We also have -Og which is supposed to provide good debugging experience
while optimizing a little, the worst problem with that is that in -Og we
don't artificially extend lifetime of variables till end of their scope, so
if some value is not needed after some point in the middle of the scope,
then if there is no way to compute that value anymore we can't provide the
value.
Jakub
^ permalink raw reply [flat|nested] 3+ messages in thread
* Re: -g and -fvar-tracking
2018-04-24 7:18 ` Jakub Jelinek
@ 2018-04-25 3:17 ` Sandra Loosemore
0 siblings, 0 replies; 3+ messages in thread
From: Sandra Loosemore @ 2018-04-25 3:17 UTC (permalink / raw)
To: Jakub Jelinek; +Cc: gcc, Don Breazeal
On 04/24/2018 01:05 AM, Jakub Jelinek wrote:
> On Mon, Apr 23, 2018 at 10:15:57PM -0600, Sandra Loosemore wrote:
>> Can somebody remind me why using -g doesn't also enable -fvar-tracking by
>> default? At least for -g2, which is supposed to emit debug information
>> about local variables? It seems kind of counterintuitive to me that
>> specifying a -O option enables a pass to collect better debug information
>> but specifying -g to request debuggable code doesn't. :-S
>
> Because var-tracking is compile time expensive and for -O0 not needed in
> most cases (variable live in memory).

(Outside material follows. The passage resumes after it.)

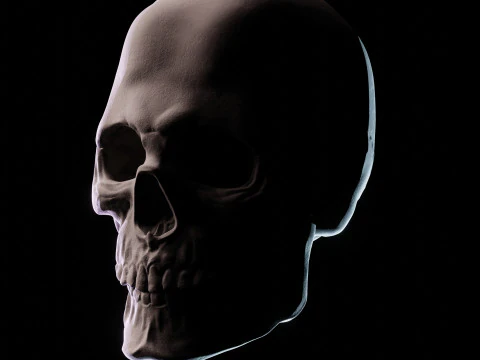 Human Skull 3D Sculpt 3D Model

It would be nice to have only partial
> fast var-tracking for -O0, that would track only variables that don't live
> in memory or say parameters before they are assigned to their slots or
> similarly VLAs before they make it into their slots. That said, for -O0 it
> would need to be really fast.
Hmmm. There is a GDB test case (gdb.base/store.c) that is doing:
charest
wack_charest (register charest u, register charest v)
{
register charest l = u, r = v;
l = add_charest (l, r);
return l + r;
}
and expecting l and r to have meaningful debug information. If GCC
can't produce it with just -g and that is intentional behavior, then it
sounds like the GDB test case needs to be either fixed or XFAILed. The
specific failure we're seeing is that r's debug information is pointing
only at its initial location in a call-clobbered register, even though
it's moved to a different place before the call. With -fvar-tracking it
produces better debug information, and with any kind of optimization
enabled it produces better code. :-P
> We also have -Og which is supposed to provide good debugging experience
> while optimizing a little, the worst problem with that is that in -Og we
> don't artificially extend lifetime of variables till end of their scope, so
> if some value is not needed after some point in the middle of the scope,
> then if there is no way to compute that value anymore we can't provide the
> value.
TBH I'm personally more inclined to use just -O rather than -Og for
building code for hand debugging. But it looks like the GDB testsuite
builds its test programs with -g only by default.